Supplied data

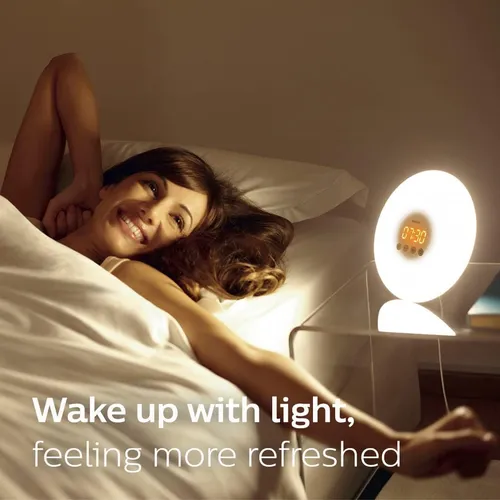 Luz De Despertador Philips Wake-up Light, Simulación De Aman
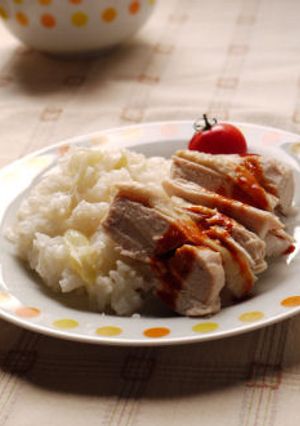 炊飯器におまかせ！中華風チキンライス-レシピのメイン写真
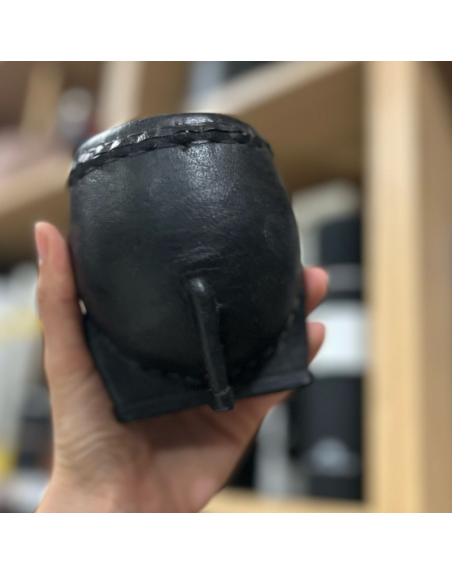 Mate forrado de cuero S/V - NEGRO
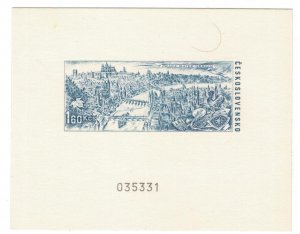 Czechoslovakia 1967 MNH Stamp Black Print Scott 1446 Tourism Prague Castle Bridg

Work order
Retype the listing exactly and drop the pictures.

Solution
 Luz De Despertador Philips Wake-up Light, Simulación De Aman
 炊飯器におまかせ！中華風チキンライス-レシピのメイン写真
 Mate forrado de cuero S/V - NEGRO
 Czechoslovakia 1967 MNH Stamp Black Print Scott 1446 Tourism Prague Castle Bridg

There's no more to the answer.